Given material |
- - - - -
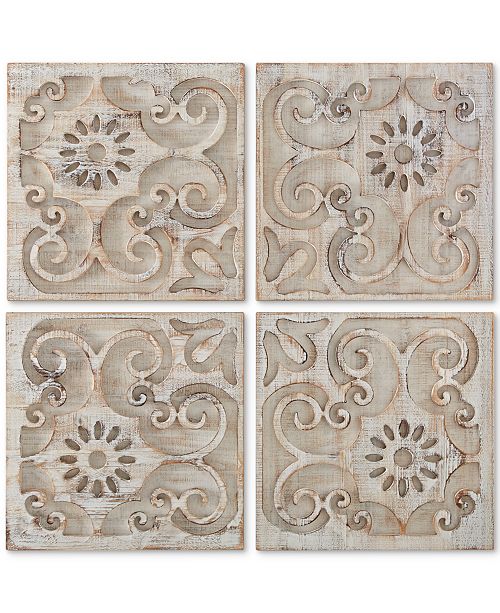 Graham & Brown Moroccan 4Pc. Light Wood Panel Wall Art & Reviews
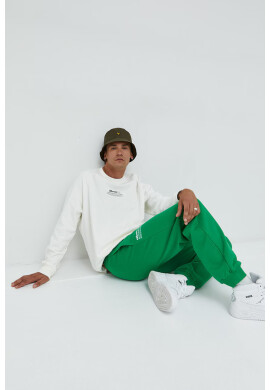 Ellesse Памучен суичър в бяло с принт - Pepit.bg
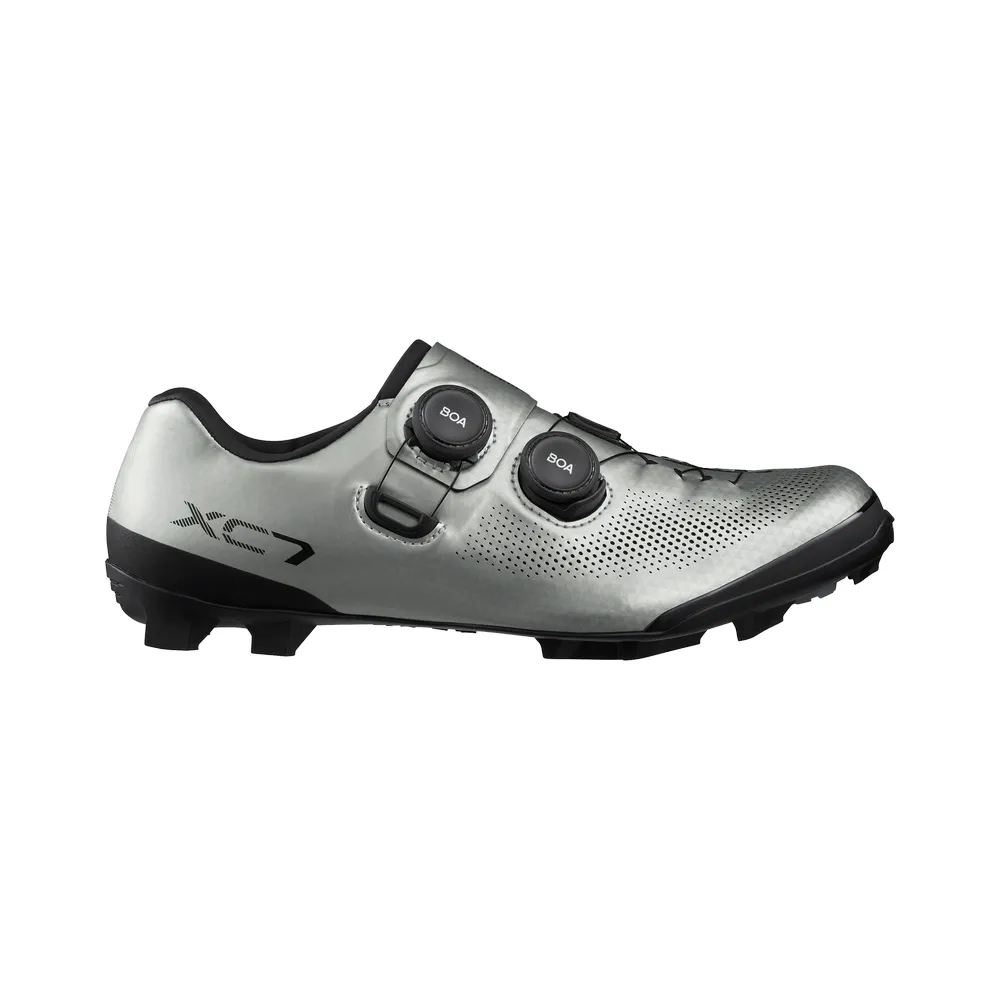 【SHIMANO】XC703 登山車鞋 動力鞋楦 寬版 銀色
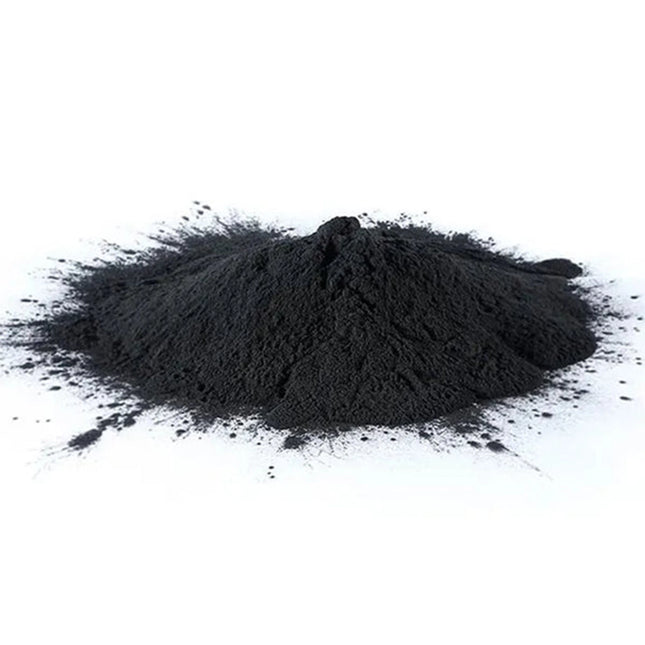 Poudre de toner noir adaptable de 1kg, utilisée pour impression laser, sans marque, visible dans un emballage noir.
- - - - -
About this task | Return the listing exactly as it appears, excluding any image.

Task result |
 Graham & Brown Moroccan 4Pc. Light Wood Panel Wall Art & Reviews
 Ellesse Памучен суичър в бяло с принт - Pepit.bg
 【SHIMANO】XC703 登山車鞋 動力鞋楦 寬版 銀色
 Poudre de toner noir adaptable de 1kg, utilisée pour impression laser, sans marque, visible dans un emballage noir.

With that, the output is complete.